Perch starting sheet

A clubfoothead sighting or two

Ursa being Ursa

a sprinkle of Cre8tiff here to antagonize

a dash of i_am_the_swammi there to fluff Ursa

iRash is still just as fruity and glittery as ever (and i'm not talking about the post, I just wanted to reiterate how ghey he is, that's all. I mean, can't you picture him in his wife beater wearing a pair of tinker bell fairy wings and getting onto the roulette chat where they randomly hook you up with a stranger to talk via webcam. LOL, terrible. His user name is prolly Princess Tinkle pants - momo)

throw in whompers for the token Italian perspective (hey, I'm typing here!)

 

...and then when come to the meat and potatoes, you all are prolly arguing over justification of taxing others to provide healthcare for those who cannot afford it themselves through cost or no affordable health benefits. Let me start by stating that it is absolutely unconstitutional for the US federal government to even begin to draft a bill that would do exactly that. People may argue that it is our government's duty to provide its citizens with universal healthcare but I couldn't disagree more. Our democracy, or should I accurately say, our indirect democracy came to be from the Articles of Confederation and Perpetual Union.

 

The Articles of Confederation (which is our first constitution and ratified in March of 1781), formed the bases of our federal government from the sovereigned states. This was done to unite the independent states against the British because the states (Americans) wanted to be free from the oppression of a tyrannical government/monarchy that was taxing them indescribably and forcing only certain goods could be purchased in the colonies. The AoC specifically spells out and expresses the principle that states retain their sovereignty, freedom, and jurisdiction (legally) rights over everything except those powers delegated to the new Confederation government. When it was decided to revamp the AoC in 1786, the convention, in the end, decided to do a rewrite into the Constitution. Many of the same authors of the AoC wrote the US Constitution. The Constitution is also drawn from The Virginia Plan (mainly for the two chamber congress, and areas for the executive and judiciary branches).

 

To jump right into it, one of the most beautiful and powerful statements every written by man:

 

"We the People of the United States, in Order to form a more perfect Union, establish Justice, insure domestic Tranquility, provide for the common defence, promote the general Welfare, and secure the Blessings of Liberty to ourselves and our Posterity, do ordain and establish this Constitution for the United States of America."

 

Does it get anymore moving to you all as an American? Nowhere in that statement does it set or limit the federal governments power except of what follows that opening line and that has been admended by us. The president is not granted the power to push a bill into law (Article 1). Congress can only have power to make rules for federal property in each state. It cannot, under the constitution for a federal tax for healthcare. In the Bill of Rights, the 10th amendment states that States have full rights for legal power and rights of the people not covered by the United States Constitution (Article 4).

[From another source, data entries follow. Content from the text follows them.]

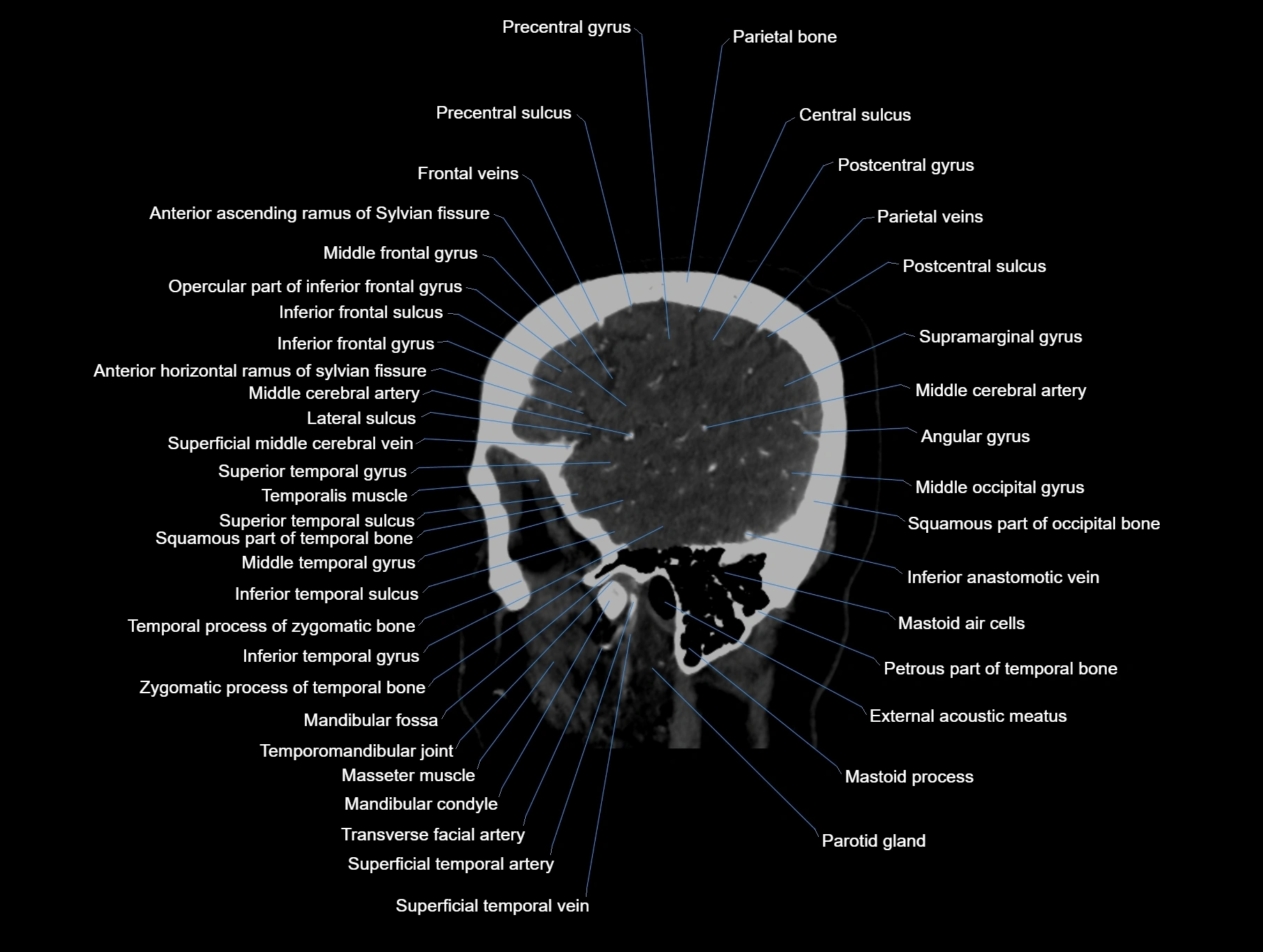 CT scan brain sagittal cross sectional anatomy image-img-00001-00013.webp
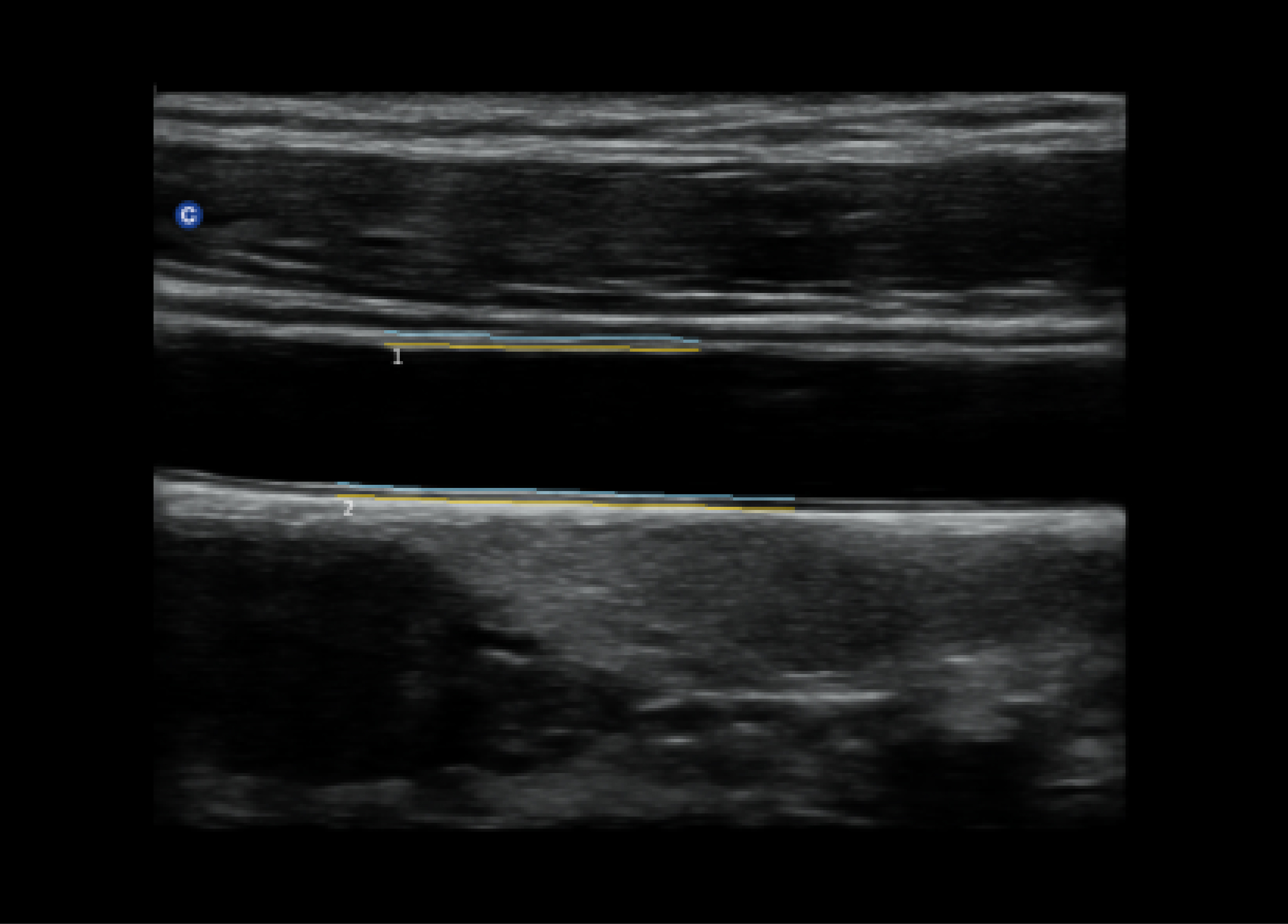 IMT内膜自动测量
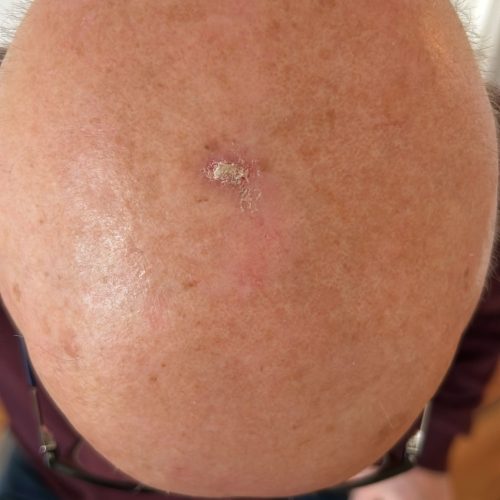 Aktinische Keratose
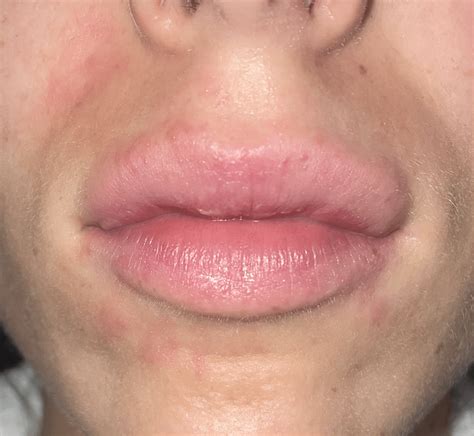Face Rash Under Lip at Iva Blackburn blog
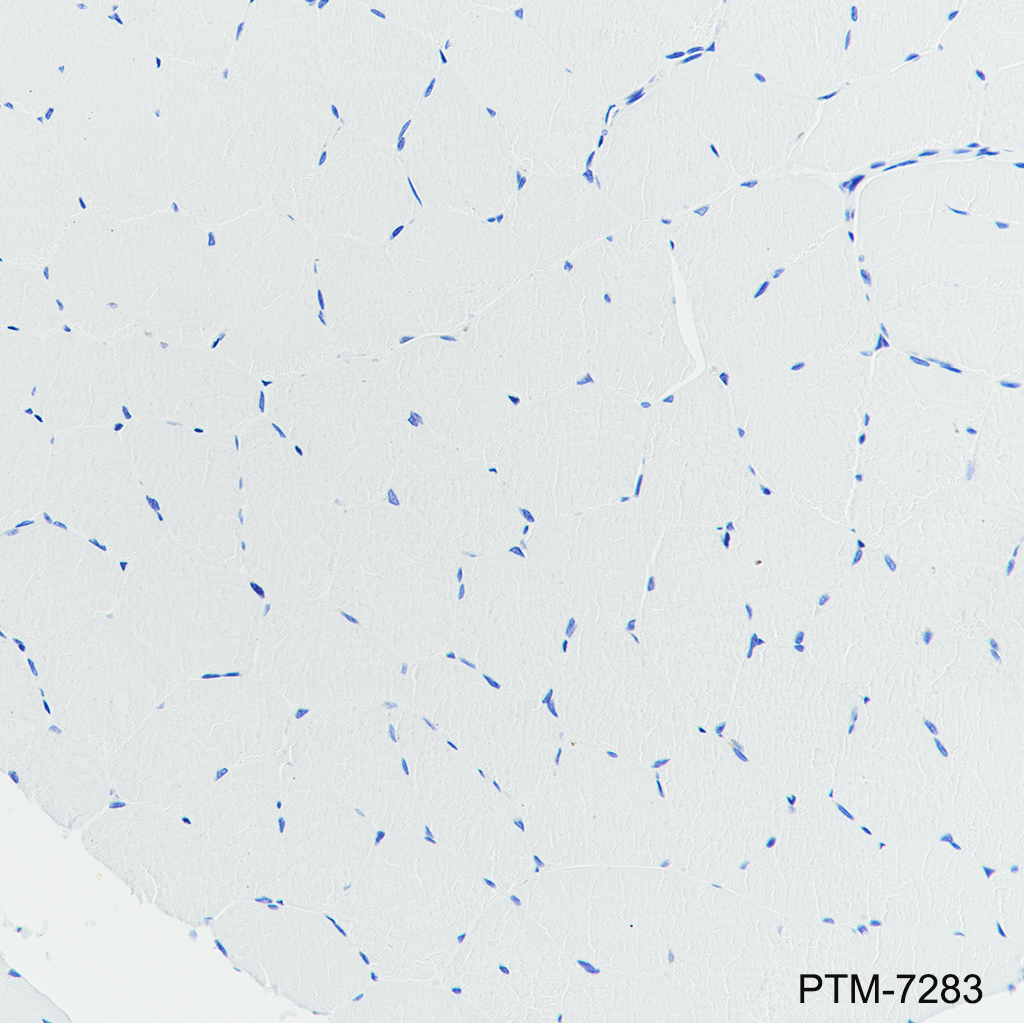 Anti-ADA2 Rabbit mAb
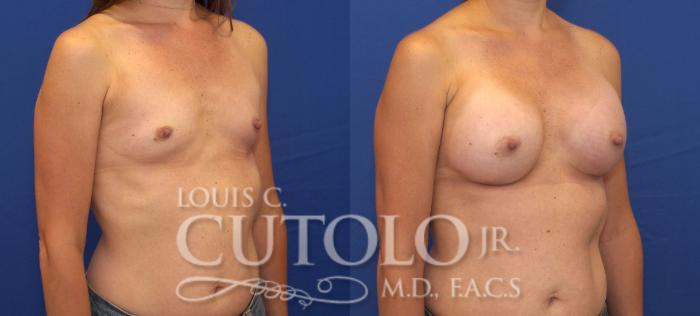 Before & After Breast Augmentation Case 124 View #4 View in Brooklyn, Staten Island, Queens, NY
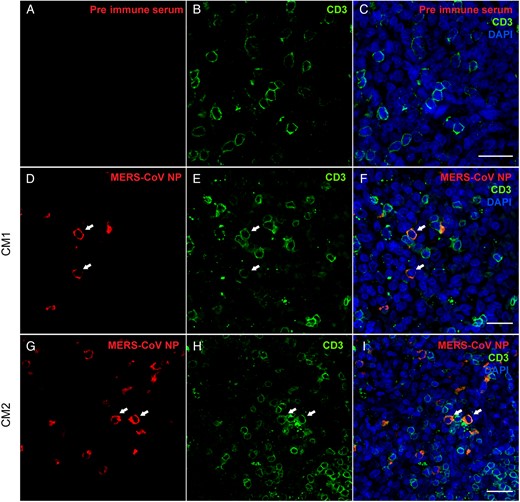 Middle East respiratory syndrome coronavirus (MERS-CoV) infects CD3+ T cells in the spleen of infected common marmosets. Immunostaining was performed on paraformaldehyde-fixed and paraffin-embedded sections of spleen obtained on day 1 after virus challenge of animals. Colocalization between MERS-CoV nucleoprotein (NP; D and G) and CD3 (E and H) were detected in the spleen of the infected animals (arrows; D–F and G–I). CM1 and CM2 represent 2 individual common marmosets. MERS-CoV NP was not detected in the preimmune serum control (A–C). Bars represent 25 µm.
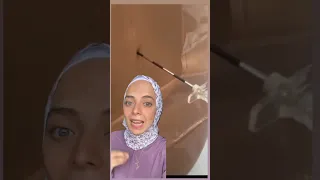 إبرة الظهر أثناء الولادة 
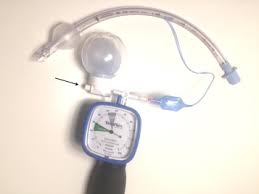 Subscribe to receive the latest news from the international tennis federation via our weekly newsletter. Automatic Regulation Of The Endotracheal Tube Cuff Pressure With A Portable Elastomeric Device A Randomised Controlled Study Sciencedirect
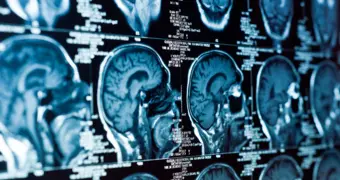 Болезнь Альцгеймера можно выявить задолго до симптомов — найден новый маркер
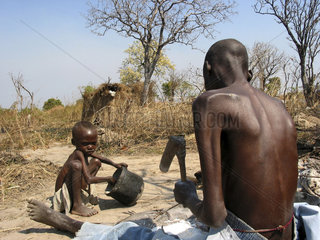 A man and boy suffering from malnutrition in Angola. Feeding centres and other humanitarian aid were organised in Angola after widescale malnutrition during and following the countrys civil war.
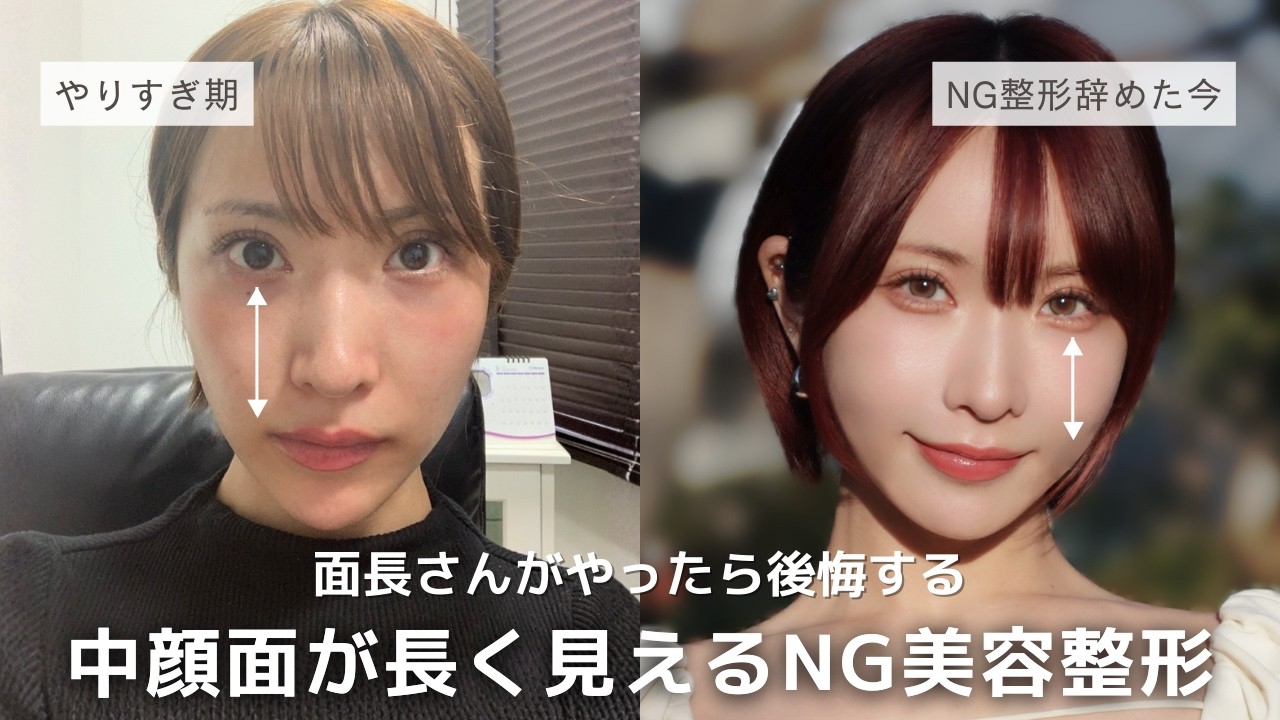 やる前に絶対知ってほしい中顔面が長く見えた整形6つ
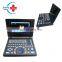 HC-A007 Factory Direct Medical Laptop portable Ultrasound scanner system ultrasound machine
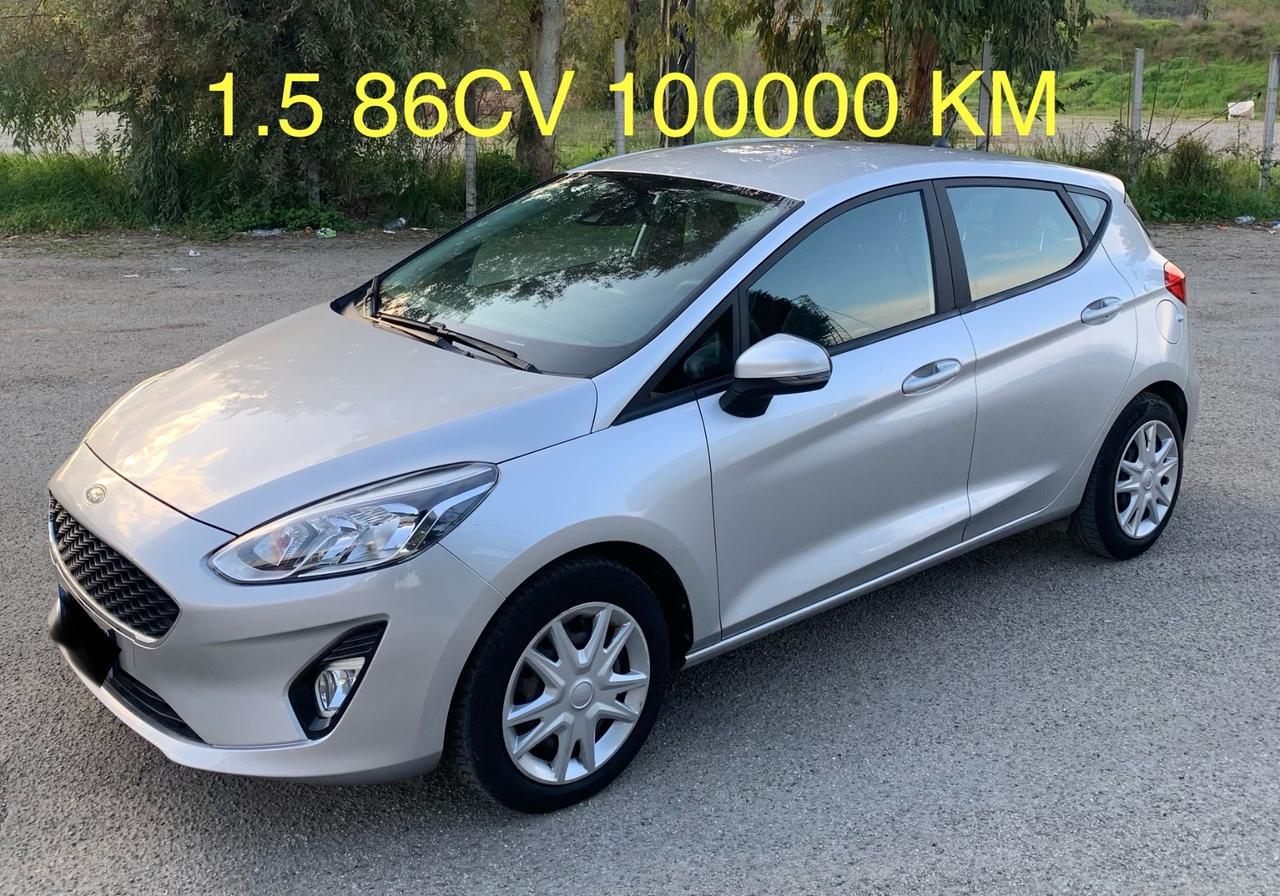 Ford Fiesta 1.5 EcoBlue 5 porte Vignale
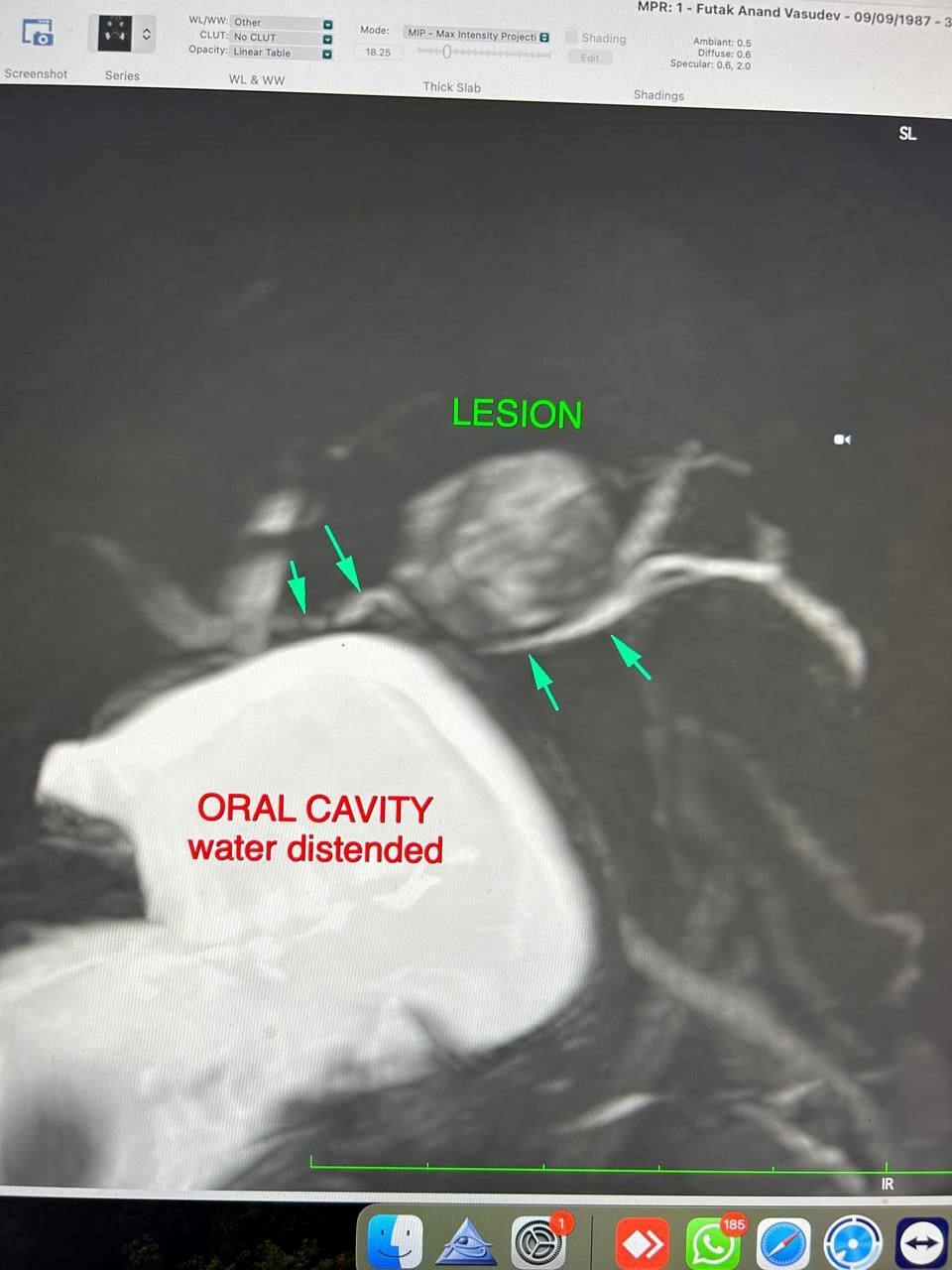 Parotid 1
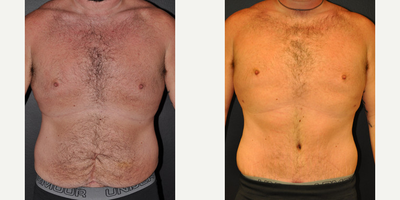 Case 449 - 36 year old woman treated with Liposuction, Tummy Tuck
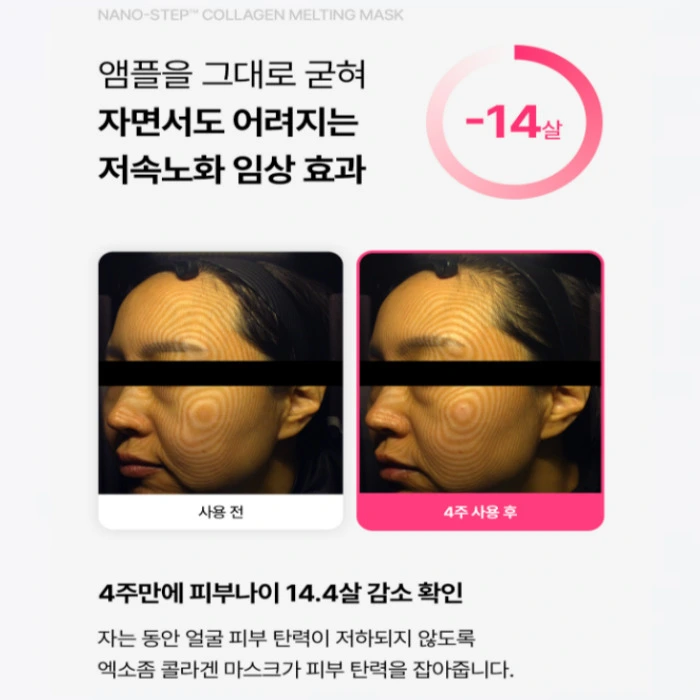 프롬메디 콜라겐팩 마스크팩 내돈내산 후기 부작용 효과 사용법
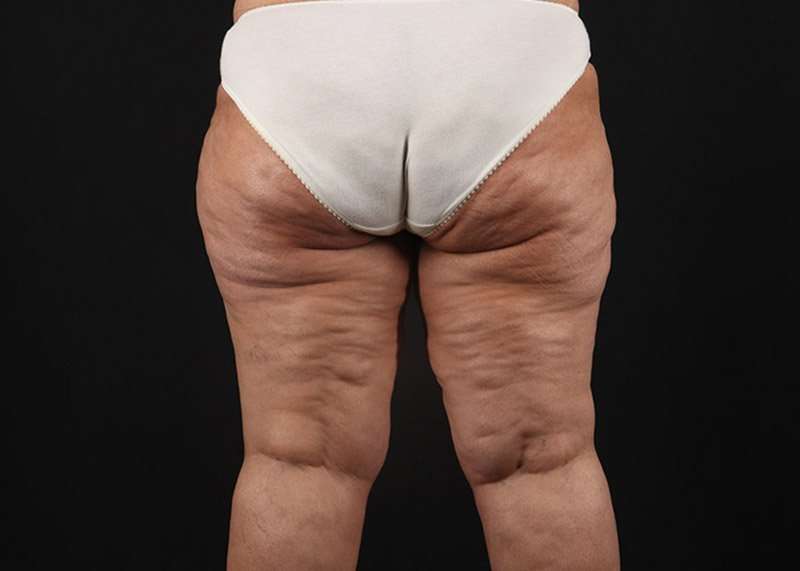 Thigh Lift Before & After Patient #3044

The Constitution specifically spells out that neither congress nor the president (executive branch) can force this healthare reform through and if it is not signed into law, the states do not have to honor it.

 

I'm all for people who do not have the means for healthcare to have access to something. The insurance companies are expensive and selective. If you really want to know just how messed up the healthcare system is, ask Chargerz. The battle between insurance companies and doctors is so nasty that more people are leaving Internal Medicine to become specialist. Let's face it, a lot of us make roughly the same as a general/internal medicine doctor at a practice. They do not make uber gobs of money like the sigma that has been with them for decades. The world has changed and doctors spend in upwards of 80k on medical school (with no salaries during those initial 4 years and a salary of between 30k to 50k in residency) then through 3 years of residency to become a general healthcare doctor. With the fees reductions from insurance companies and the expense of malpractice insurance, who would want to be an general healthcare doctor? Imagine dealing with that on your salary. The money is in specialization which means more schooling. Not to mention what medicaid has done to family doctors.

 

If we are to provide affordable healthcare to the people we need to come to the root cause and build from there. The white man, we need to kill him. Just kidding, wanted to make sure you were still paying attention. The federal government needs to regulate the insurance companies. Entities with this much power and influence over the economy within the United States must be federally regulated, just like the Stock Market should have been regulated in the late 1920s or the banking and lending entities of the 2000s. The federal government should offer to pay for medical school for any doctors wishing to become internal medicine practitioners in exchange for working a minimum of five years at a cyber doctors office. These virtual doctors office have no overhead since they are literally sitting on the other side of a webcam and they charge according to what people can afford (in many instances - obviously there is less and less as you get into major surgery). Google it, it's pretty amazing. Have virtual terminals placed into every federal library (in private rooms) so the public can visit them if they do not have access to the internet. Of course that is just a very high overview and sololy from my own opinion and research.

 

I believe that every american has the right to affordable healthcare, just not at the expense of the very fabric of our country. What is being done today is neither right nor to the benefit of America. We need to stop this 'throw money at it and we'll fix it' short sighted mentality our elected officials and most of the public has. We need to start looking long term.

 

Just my :wacko:

 

Disclaimer - No midgets or poop was harmed in the writing of this post.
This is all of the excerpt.